--- Material for the task ---

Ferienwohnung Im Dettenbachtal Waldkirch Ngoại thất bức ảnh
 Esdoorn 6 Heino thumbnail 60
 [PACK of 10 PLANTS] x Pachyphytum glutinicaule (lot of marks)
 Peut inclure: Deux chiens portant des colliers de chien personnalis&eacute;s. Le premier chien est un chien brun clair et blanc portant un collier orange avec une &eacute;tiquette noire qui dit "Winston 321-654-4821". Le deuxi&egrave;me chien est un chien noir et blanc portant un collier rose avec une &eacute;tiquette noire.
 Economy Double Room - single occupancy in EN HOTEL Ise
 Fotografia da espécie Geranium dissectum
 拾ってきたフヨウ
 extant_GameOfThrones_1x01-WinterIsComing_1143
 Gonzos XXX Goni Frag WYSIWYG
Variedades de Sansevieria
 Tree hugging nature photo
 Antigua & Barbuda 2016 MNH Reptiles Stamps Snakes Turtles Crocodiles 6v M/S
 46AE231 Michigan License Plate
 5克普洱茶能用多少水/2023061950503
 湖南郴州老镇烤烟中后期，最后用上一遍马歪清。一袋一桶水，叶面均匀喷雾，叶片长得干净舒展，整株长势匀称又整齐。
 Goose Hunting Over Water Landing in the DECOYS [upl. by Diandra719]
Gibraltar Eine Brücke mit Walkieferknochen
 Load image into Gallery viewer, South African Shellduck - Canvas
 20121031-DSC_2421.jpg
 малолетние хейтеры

---

Exactly as they appear above, write out the line containing "Goose Hunting Over" and each line that comes after it in the records.

 Goose Hunting Over Water Landing in the DECOYS [upl. by Diandra719]
Gibraltar Eine Brücke mit Walkieferknochen
 Load image into Gallery viewer, South African Shellduck - Canvas
 20121031-DSC_2421.jpg
 малолетние хейтеры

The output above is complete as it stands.